__Instructions for the task__: Copy out every entry, keeping each character the same.

__Record set__:
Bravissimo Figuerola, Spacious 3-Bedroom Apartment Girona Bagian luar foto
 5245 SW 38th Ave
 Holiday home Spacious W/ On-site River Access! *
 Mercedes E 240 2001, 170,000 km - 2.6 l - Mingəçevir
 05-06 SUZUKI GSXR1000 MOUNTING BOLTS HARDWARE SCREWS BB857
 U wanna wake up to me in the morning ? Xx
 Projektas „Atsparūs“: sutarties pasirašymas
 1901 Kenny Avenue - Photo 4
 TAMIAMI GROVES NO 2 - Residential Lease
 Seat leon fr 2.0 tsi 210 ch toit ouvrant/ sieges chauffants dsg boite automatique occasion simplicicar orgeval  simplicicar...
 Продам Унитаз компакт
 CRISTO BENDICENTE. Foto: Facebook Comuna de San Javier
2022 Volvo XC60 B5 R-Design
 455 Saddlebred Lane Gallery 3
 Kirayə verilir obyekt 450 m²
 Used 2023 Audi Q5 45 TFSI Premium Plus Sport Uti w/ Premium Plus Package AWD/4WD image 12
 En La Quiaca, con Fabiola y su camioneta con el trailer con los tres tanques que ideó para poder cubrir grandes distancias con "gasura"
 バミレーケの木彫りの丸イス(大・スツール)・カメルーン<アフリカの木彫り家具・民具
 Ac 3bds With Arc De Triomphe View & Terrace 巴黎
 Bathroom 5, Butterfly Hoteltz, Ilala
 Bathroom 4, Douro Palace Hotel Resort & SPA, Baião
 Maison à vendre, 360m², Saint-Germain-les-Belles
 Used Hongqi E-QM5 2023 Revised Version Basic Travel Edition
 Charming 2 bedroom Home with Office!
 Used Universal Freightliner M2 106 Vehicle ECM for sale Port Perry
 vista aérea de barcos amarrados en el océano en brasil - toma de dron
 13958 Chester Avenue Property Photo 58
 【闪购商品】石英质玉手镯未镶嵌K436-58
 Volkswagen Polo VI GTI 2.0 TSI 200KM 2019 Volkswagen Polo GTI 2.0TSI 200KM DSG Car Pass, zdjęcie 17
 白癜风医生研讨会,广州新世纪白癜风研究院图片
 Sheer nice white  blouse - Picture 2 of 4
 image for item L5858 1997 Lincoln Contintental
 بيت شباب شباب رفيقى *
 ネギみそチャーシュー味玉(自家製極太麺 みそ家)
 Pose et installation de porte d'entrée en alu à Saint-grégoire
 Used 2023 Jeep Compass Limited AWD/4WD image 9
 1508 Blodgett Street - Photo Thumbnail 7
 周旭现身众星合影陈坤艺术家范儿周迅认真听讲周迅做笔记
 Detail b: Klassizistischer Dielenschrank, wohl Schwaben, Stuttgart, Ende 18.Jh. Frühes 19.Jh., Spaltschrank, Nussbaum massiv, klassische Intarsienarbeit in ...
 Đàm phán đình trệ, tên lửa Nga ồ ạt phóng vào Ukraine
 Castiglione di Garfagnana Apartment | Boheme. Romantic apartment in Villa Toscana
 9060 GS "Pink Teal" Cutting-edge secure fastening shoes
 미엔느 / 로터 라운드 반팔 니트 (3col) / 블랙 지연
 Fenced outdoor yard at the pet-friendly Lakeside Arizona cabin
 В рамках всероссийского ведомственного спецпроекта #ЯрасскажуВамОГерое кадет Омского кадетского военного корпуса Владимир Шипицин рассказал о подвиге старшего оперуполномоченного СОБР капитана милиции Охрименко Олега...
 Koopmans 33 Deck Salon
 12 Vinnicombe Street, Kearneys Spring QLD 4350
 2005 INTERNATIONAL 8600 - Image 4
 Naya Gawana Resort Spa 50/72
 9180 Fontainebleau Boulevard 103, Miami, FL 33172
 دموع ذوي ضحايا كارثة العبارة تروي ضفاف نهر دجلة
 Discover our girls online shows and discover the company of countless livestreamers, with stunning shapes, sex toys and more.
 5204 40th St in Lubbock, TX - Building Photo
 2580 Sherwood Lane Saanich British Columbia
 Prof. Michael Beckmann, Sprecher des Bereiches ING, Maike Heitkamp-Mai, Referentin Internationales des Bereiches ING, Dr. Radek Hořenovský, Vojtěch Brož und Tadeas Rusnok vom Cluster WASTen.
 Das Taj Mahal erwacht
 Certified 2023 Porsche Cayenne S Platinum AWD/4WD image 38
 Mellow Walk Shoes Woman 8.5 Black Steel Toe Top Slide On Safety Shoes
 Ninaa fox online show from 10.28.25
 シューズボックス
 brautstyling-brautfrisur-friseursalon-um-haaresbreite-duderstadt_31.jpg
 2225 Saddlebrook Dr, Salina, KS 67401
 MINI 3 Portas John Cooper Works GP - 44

__Solution below__:
Bravissimo Figuerola, Spacious 3-Bedroom Apartment Girona Bagian luar foto
 5245 SW 38th Ave
 Holiday home Spacious W/ On-site River Access! *
 Mercedes E 240 2001, 170,000 km - 2.6 l - Mingəçevir
 05-06 SUZUKI GSXR1000 MOUNTING BOLTS HARDWARE SCREWS BB857
 U wanna wake up to me in the morning ? Xx
 Projektas „Atsparūs“: sutarties pasirašymas
 1901 Kenny Avenue - Photo 4
 TAMIAMI GROVES NO 2 - Residential Lease
 Seat leon fr 2.0 tsi 210 ch toit ouvrant/ sieges chauffants dsg boite automatique occasion simplicicar orgeval  simplicicar...
 Продам Унитаз компакт
 CRISTO BENDICENTE. Foto: Facebook Comuna de San Javier
2022 Volvo XC60 B5 R-Design
 455 Saddlebred Lane Gallery 3
 Kirayə verilir obyekt 450 m²
 Used 2023 Audi Q5 45 TFSI Premium Plus Sport Uti w/ Premium Plus Package AWD/4WD image 12
 En La Quiaca, con Fabiola y su camioneta con el trailer con los tres tanques que ideó para poder cubrir grandes distancias con "gasura"
 バミレーケの木彫りの丸イス(大・スツール)・カメルーン<アフリカの木彫り家具・民具
 Ac 3bds With Arc De Triomphe View & Terrace 巴黎
 Bathroom 5, Butterfly Hoteltz, Ilala
 Bathroom 4, Douro Palace Hotel Resort & SPA, Baião
 Maison à vendre, 360m², Saint-Germain-les-Belles
 Used Hongqi E-QM5 2023 Revised Version Basic Travel Edition
 Charming 2 bedroom Home with Office!
 Used Universal Freightliner M2 106 Vehicle ECM for sale Port Perry
 vista aérea de barcos amarrados en el océano en brasil - toma de dron
 13958 Chester Avenue Property Photo 58
 【闪购商品】石英质玉手镯未镶嵌K436-58
 Volkswagen Polo VI GTI 2.0 TSI 200KM 2019 Volkswagen Polo GTI 2.0TSI 200KM DSG Car Pass, zdjęcie 17
 白癜风医生研讨会,广州新世纪白癜风研究院图片
 Sheer nice white  blouse - Picture 2 of 4
 image for item L5858 1997 Lincoln Contintental
 بيت شباب شباب رفيقى *
 ネギみそチャーシュー味玉(自家製極太麺 みそ家)
 Pose et installation de porte d'entrée en alu à Saint-grégoire
 Used 2023 Jeep Compass Limited AWD/4WD image 9
 1508 Blodgett Street - Photo Thumbnail 7
 周旭现身众星合影陈坤艺术家范儿周迅认真听讲周迅做笔记
 Detail b: Klassizistischer Dielenschrank, wohl Schwaben, Stuttgart, Ende 18.Jh. Frühes 19.Jh., Spaltschrank, Nussbaum massiv, klassische Intarsienarbeit in ...
 Đàm phán đình trệ, tên lửa Nga ồ ạt phóng vào Ukraine
 Castiglione di Garfagnana Apartment | Boheme. Romantic apartment in Villa Toscana
 9060 GS "Pink Teal" Cutting-edge secure fastening shoes
 미엔느 / 로터 라운드 반팔 니트 (3col) / 블랙 지연
 Fenced outdoor yard at the pet-friendly Lakeside Arizona cabin
 В рамках всероссийского ведомственного спецпроекта #ЯрасскажуВамОГерое кадет Омского кадетского военного корпуса Владимир Шипицин рассказал о подвиге старшего оперуполномоченного СОБР капитана милиции Охрименко Олега...
 Koopmans 33 Deck Salon
 12 Vinnicombe Street, Kearneys Spring QLD 4350
 2005 INTERNATIONAL 8600 - Image 4
 Naya Gawana Resort Spa 50/72
 9180 Fontainebleau Boulevard 103, Miami, FL 33172
 دموع ذوي ضحايا كارثة العبارة تروي ضفاف نهر دجلة
 Discover our girls online shows and discover the company of countless livestreamers, with stunning shapes, sex toys and more.
 5204 40th St in Lubbock, TX - Building Photo
 2580 Sherwood Lane Saanich British Columbia
 Prof. Michael Beckmann, Sprecher des Bereiches ING, Maike Heitkamp-Mai, Referentin Internationales des Bereiches ING, Dr. Radek Hořenovský, Vojtěch Brož und Tadeas Rusnok vom Cluster WASTen.
 Das Taj Mahal erwacht
 Certified 2023 Porsche Cayenne S Platinum AWD/4WD image 38
 Mellow Walk Shoes Woman 8.5 Black Steel Toe Top Slide On Safety Shoes
 Ninaa fox online show from 10.28.25
 シューズボックス
 brautstyling-brautfrisur-friseursalon-um-haaresbreite-duderstadt_31.jpg
 2225 Saddlebrook Dr, Salina, KS 67401
 MINI 3 Portas John Cooper Works GP - 44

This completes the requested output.